DIRECTIONS FOR THIS TASK:
Transcribe every record as it stands and set the images aside.

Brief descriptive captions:
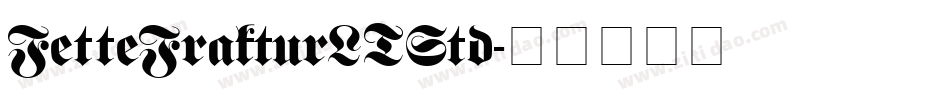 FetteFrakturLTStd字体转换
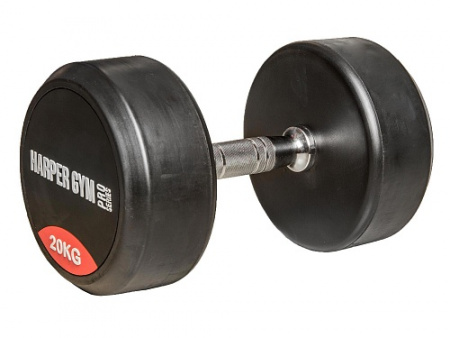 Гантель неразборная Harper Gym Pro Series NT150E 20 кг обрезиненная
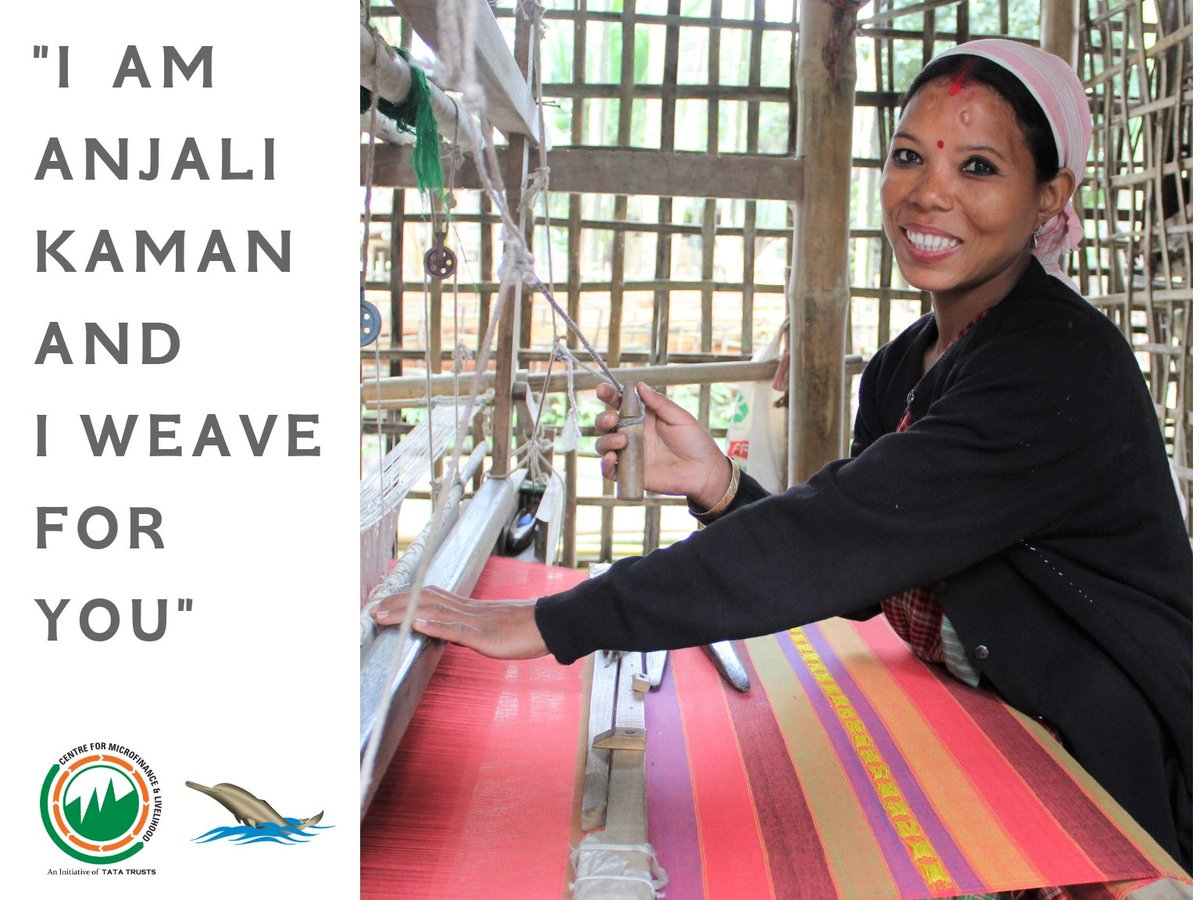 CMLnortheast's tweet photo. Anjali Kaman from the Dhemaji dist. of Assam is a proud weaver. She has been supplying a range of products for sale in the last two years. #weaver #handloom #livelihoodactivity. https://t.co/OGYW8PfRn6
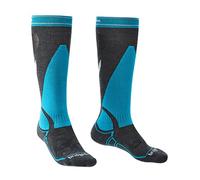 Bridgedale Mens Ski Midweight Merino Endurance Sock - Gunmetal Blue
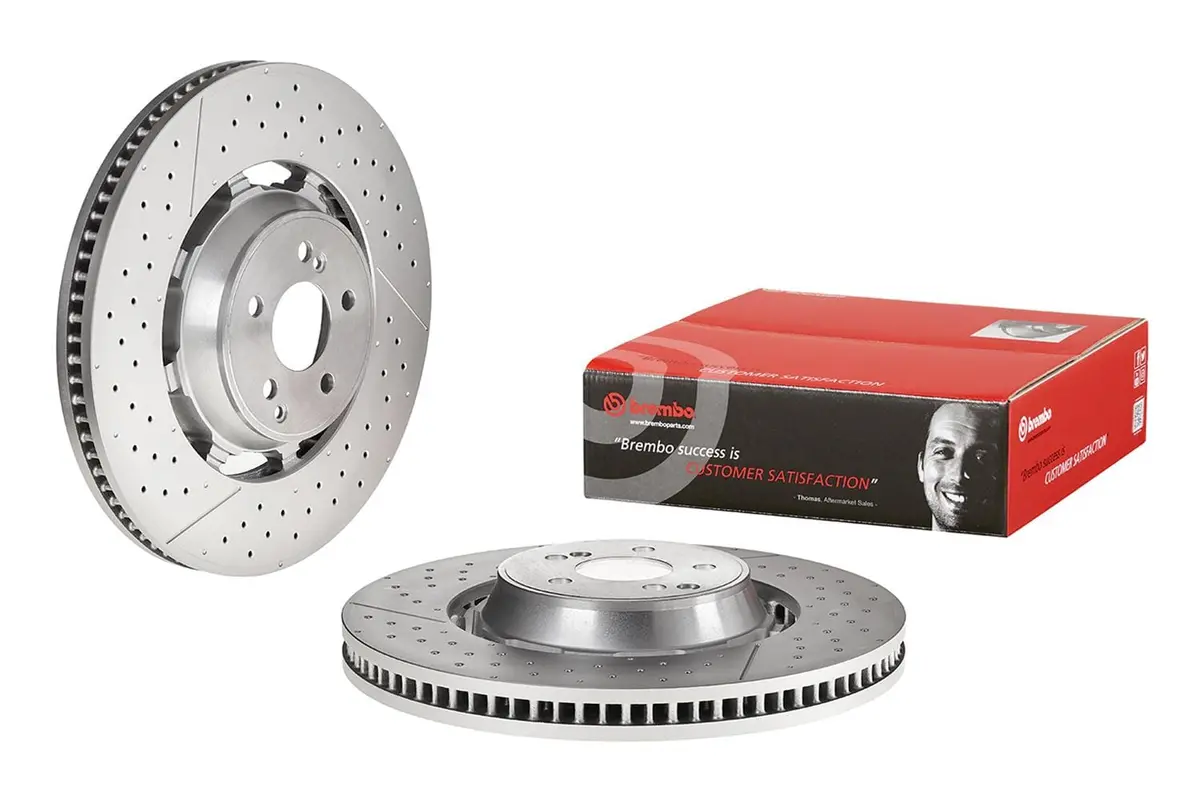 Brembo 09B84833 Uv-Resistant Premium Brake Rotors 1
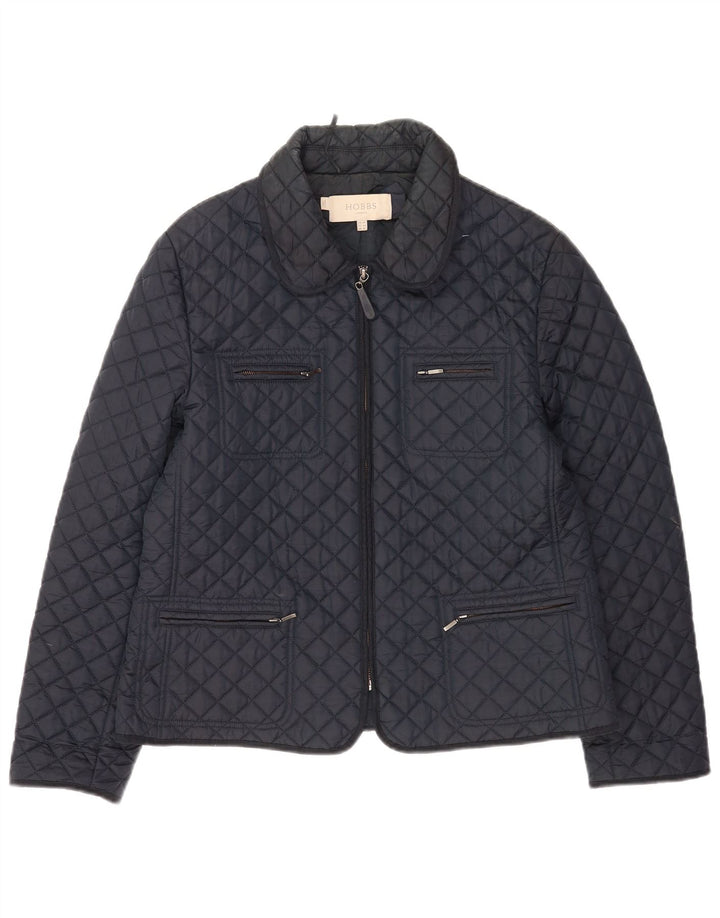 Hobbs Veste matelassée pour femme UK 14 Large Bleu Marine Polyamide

TASK SOLUTION:
 FetteFrakturLTStd字体转换
 Гантель неразборная Harper Gym Pro Series NT150E 20 кг обрезиненная
 CMLnortheast's tweet photo. Anjali Kaman from the Dhemaji dist. of Assam is a proud weaver. She has been supplying a range of products for sale in the last two years. #weaver #handloom #livelihoodactivity. https://t.co/OGYW8PfRn6
 Bridgedale Mens Ski Midweight Merino Endurance Sock - Gunmetal Blue
 Brembo 09B84833 Uv-Resistant Premium Brake Rotors 1
 Hobbs Veste matelassée pour femme UK 14 Large Bleu Marine Polyamide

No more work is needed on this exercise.